O poeta francês Jacques Prévert (1900-1977) é daqueles que são absoluto sucesso de público mas enfrentam o nariz torcido da crítica, que o acusa de não ter sofisticação. Também letrista de canções populares, ele é talvez o poeta de seu país mais conhecido no século 20. Em certo sentido, Prévert é um Vinícius francês.

A contradição que Prévert representa é clara: durante o século 20, a poesia se tornou uma coisa cada vez mais difícil, mais distante do cidadão comum. Normal, mas real. Nadando contra a corrente, Prévert conquistou foros de poeta popular, largamente admirado na França e fora dela.

Isso não aconteceu por acaso.  Leia o poema ao lado e conclua: o público tem razão! As palavras são simples, as frases idem.
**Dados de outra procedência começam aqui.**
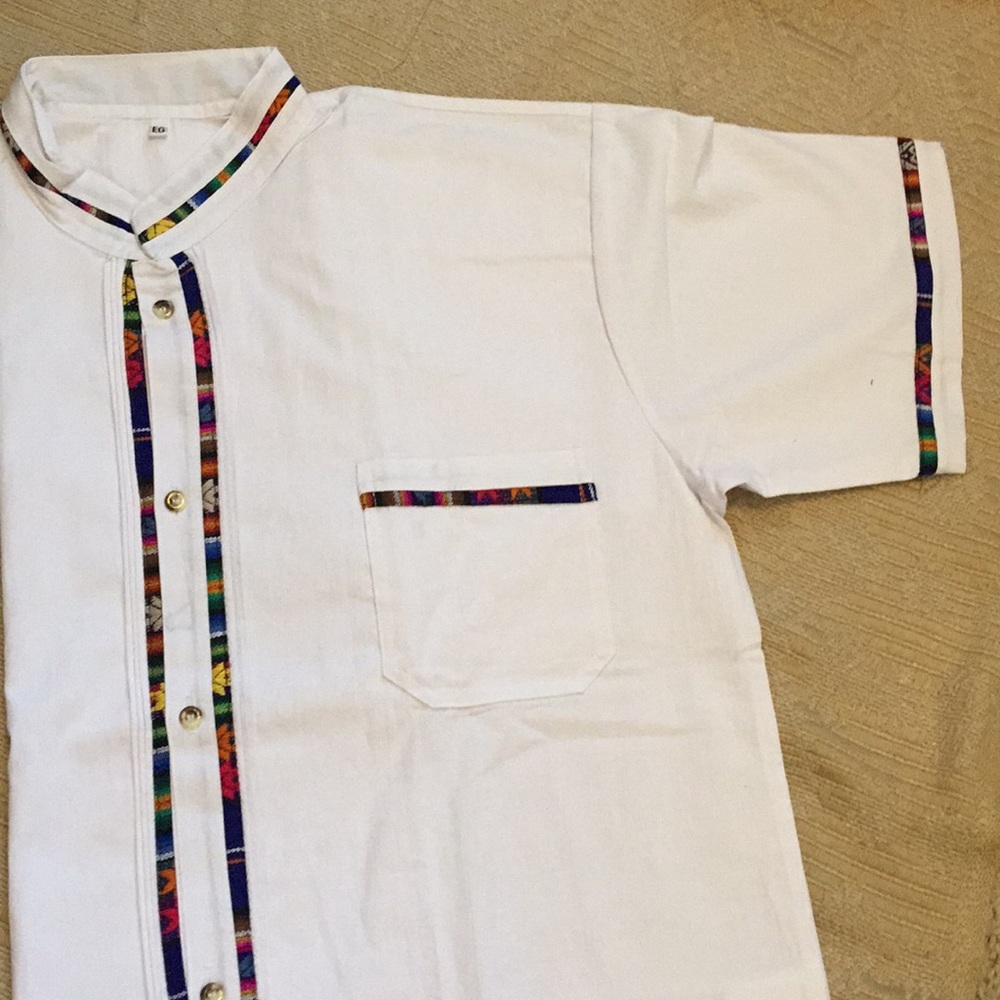 Size XL white Mexican shirt New- no tags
Fonte: poesia.net28/Carlos Machado

Poesia

Para pintar o retrato de um pássaro

 

 

Primeiro pintar uma gaiola

com a porta aberta

pintar depois

algo de lindo

algo de simples

algo de belo

algo de útil

para o pássaro

depois dependurar a tela numa árvore

num jardim

num bosque

ou numa floresta

esconder-se atrás da árvore

sem nada dizer

sem se mexer…

 

Às vezes o pássaro chega logo

mas pode ser também que leve muitos anos

para se decidir

Não perder a esperança

esperar

esperar se preciso durante anos

a pressa ou a lentidão da chegada do pássaro

nada tendo a ver

com o sucesso do quadro

 

Quando o pássaro chegar

se chegar

guardar o mais profundo silêncio

esperar que o pássaro entre na gaiola

e quando já estiver lá dentro

fechar lentamente a porta com o pincel

depois

apagar uma a uma todas as grades

tendo o cuidado de não tocar numa única pena do pássaro

Fazer depois o desenho da árvore

escolhendo o mais belo galho

para o pássaro

pintar também a folhagem verde e a frescura do vento

a poeira do sol

e o barulho dos insetos pelo capim no calor do verão

e depois esperar que o pássaro queira cantar

Se o pássaro não cantar

mau sinal

sinal de que o quadro é ruim

mas se cantar bom sinal

sinal de que pode assiná-lo

 

Então você arranca delicadamente

uma das penas do pássaro

e escreve seu nome num canto do quadro.

 

Jacques Prévert

 

De “Paroles” (1945)

 

 

O Poeta

 

 

Foto: Robert Doisneau

Foto: Robert Doisneau

 

 

O poema acima foi retirado do livro “Poemas de Jacques Prévert”, edição Nova Fronteira (Rio de Janeiro, 2000), numa seleção e tradução de Silviano Santiago. Alguma sensação de estranheza que possa resultar, para o leitor português, da leitura deste ou daquele verso, nesta tradução para português do Brasil, é abundantemente suplantada pela informadíssima introdução e avisada seleção operadas por Silviano Santiago.